Lilia Liska doesn't care what you think of her. Or so she claims.

The elderly protagonist of Yiyun Li's stunning new novel, "Must I Go," takes pride in her toughness. "I'm as hard as the hardest life," she says, her heart tempered by the deaths of her three husbands, and the suicide of her daughter, Lucy, at age 27.

But as Lilia reflects on her life from her California retirement home, she shows signs of softness, of vulnerability, though if you blink, you might miss them. She's a fascinating character, filled with resentment and regret, but compelling enough that the reader is unable to look away.

"Must I Go" finds Lilia perusing the diaries of Roland Bouley, a Canadian writer with whom she had a series of encounters when she was a teenager and he was an adult. One of those led to the birth of Lucy, although Roland remained unaware of his daughter his whole life; Lilia raised her with her first husband.

Lilia doesn't talk too much with her remaining family, with the exception of Katherine, Lucy's daughter, and Katherine's daughter, Iola. When others in the retirement home urge her to join them in taking a memoir writing class, she resists: "If there was one thing Lilia had been unwilling to leave to her offspring, it was her own life story. … She never cared for her heart to be known."

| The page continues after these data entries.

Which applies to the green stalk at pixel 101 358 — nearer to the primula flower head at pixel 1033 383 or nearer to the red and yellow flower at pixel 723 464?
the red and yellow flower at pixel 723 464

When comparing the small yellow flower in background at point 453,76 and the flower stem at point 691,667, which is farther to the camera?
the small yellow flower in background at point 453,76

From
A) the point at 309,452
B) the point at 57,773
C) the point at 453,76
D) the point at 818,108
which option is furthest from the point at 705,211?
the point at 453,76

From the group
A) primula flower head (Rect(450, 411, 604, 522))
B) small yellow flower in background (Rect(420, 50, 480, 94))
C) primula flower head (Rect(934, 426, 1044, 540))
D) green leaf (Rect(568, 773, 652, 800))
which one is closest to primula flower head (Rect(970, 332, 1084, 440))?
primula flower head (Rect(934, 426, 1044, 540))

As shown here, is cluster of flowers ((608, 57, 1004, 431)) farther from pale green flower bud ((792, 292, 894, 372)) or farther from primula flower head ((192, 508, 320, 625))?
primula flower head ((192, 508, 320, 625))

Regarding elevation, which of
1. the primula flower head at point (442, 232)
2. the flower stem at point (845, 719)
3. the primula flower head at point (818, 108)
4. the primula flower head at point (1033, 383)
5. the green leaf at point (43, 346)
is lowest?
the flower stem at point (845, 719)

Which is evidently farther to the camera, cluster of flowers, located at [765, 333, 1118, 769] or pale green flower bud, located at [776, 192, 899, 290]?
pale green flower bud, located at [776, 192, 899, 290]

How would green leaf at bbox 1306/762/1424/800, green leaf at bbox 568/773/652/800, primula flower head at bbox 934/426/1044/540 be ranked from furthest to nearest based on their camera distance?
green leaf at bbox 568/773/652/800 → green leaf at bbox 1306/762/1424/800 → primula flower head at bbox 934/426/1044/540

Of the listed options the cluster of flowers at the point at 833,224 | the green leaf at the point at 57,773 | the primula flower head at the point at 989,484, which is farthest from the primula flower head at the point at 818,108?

She decides instead to annotate Roland's diaries for Katherine and Iola, so they'll be able to know the ancestor they never knew. And while she obsesses over Roland and the two loves of his life, she keeps coming back to her memories of Lucy, and the grief she can't escape. "Every morning since Lucy's death, I wake up and say to myself: Here's another day that Lucy refused to live. Not a day she gave up," Lilia writes. "All the more reason for me to live each day, to prove a point: I refuse to accept her refusal."

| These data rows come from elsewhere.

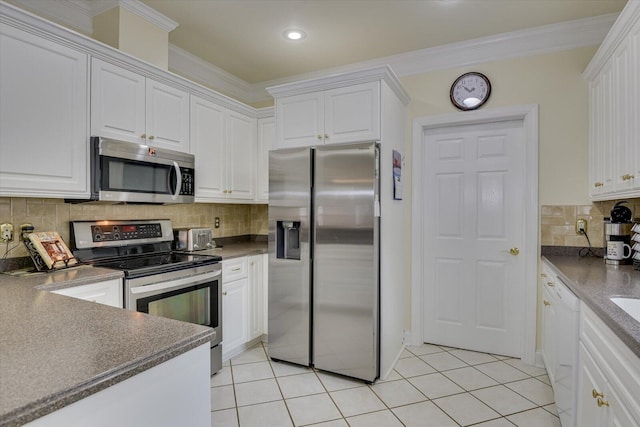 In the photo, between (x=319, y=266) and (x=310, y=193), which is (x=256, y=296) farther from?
(x=310, y=193)

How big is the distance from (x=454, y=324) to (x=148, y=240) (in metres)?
2.73

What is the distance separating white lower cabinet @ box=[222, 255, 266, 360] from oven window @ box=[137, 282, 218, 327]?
0.61 ft

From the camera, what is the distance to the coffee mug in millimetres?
2350

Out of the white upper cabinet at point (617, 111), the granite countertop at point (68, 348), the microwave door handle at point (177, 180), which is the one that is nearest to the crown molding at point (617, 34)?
the white upper cabinet at point (617, 111)

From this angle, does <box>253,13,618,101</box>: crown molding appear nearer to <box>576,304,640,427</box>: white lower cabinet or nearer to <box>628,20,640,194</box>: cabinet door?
<box>628,20,640,194</box>: cabinet door

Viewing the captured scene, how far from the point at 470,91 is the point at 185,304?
2.85 meters

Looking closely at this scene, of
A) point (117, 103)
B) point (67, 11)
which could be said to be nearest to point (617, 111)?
point (117, 103)

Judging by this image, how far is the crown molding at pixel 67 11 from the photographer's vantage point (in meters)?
2.25

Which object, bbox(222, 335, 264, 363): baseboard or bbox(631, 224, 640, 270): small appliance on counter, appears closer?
bbox(631, 224, 640, 270): small appliance on counter

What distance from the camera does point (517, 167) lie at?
304 centimetres

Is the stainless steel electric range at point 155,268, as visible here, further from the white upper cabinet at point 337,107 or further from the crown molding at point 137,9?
the crown molding at point 137,9

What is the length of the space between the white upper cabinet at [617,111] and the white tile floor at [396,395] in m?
1.42

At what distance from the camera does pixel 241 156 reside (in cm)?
345

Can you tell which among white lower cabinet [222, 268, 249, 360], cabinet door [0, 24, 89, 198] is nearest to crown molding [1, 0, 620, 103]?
cabinet door [0, 24, 89, 198] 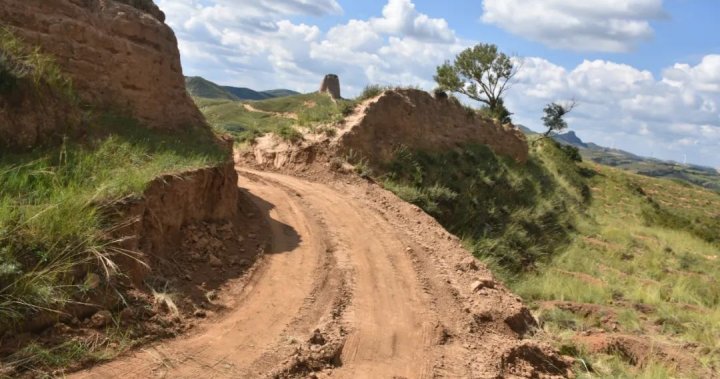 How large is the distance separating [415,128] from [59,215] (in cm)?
1278

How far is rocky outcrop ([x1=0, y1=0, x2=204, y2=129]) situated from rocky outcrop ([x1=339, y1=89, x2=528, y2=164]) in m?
5.53

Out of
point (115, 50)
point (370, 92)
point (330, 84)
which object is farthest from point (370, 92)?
point (330, 84)

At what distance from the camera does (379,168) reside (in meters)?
14.3

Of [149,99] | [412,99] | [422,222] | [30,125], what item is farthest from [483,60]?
→ [30,125]

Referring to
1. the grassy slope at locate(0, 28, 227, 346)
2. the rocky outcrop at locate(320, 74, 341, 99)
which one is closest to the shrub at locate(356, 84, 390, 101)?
the grassy slope at locate(0, 28, 227, 346)

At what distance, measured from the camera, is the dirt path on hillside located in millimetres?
4844

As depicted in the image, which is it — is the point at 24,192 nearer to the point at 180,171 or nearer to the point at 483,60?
the point at 180,171

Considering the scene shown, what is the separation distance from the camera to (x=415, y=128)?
16328 millimetres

Li tackled the theme of losing a child to suicide in her last book, "Where Reasons End," and in her new book, she handles it with the same grace. Lilia steadfastly refuses to believe that she played any part in Lucy's depression, but when she lets her guard down, the reader can tell the prospect has crossed her mind: "I didn't understand her rage. … Was this a mother's failure? But how many mothers are not failures?"

Lilia is a true original, and Li wisely lets her speak for herself through the bulk of the book as she riffs on Roland's writing. Li does a wonderful job of letting readers decide how much of what Lilia says is true grit, and how much is the bravado of a proud but wounded woman. "Must I Go" is a triumph of a novel about how we navigate grief that seems unmanageable. "The days after love are long and empty," as Lilia declares. "It's up to you and me to make them less so."

Michael Schaub is a member of the board of the National Book Critics Circle. He lives in Texas.

Must I Go
By: Yiyun Li.
Publisher: Random House, 368 pages, $28.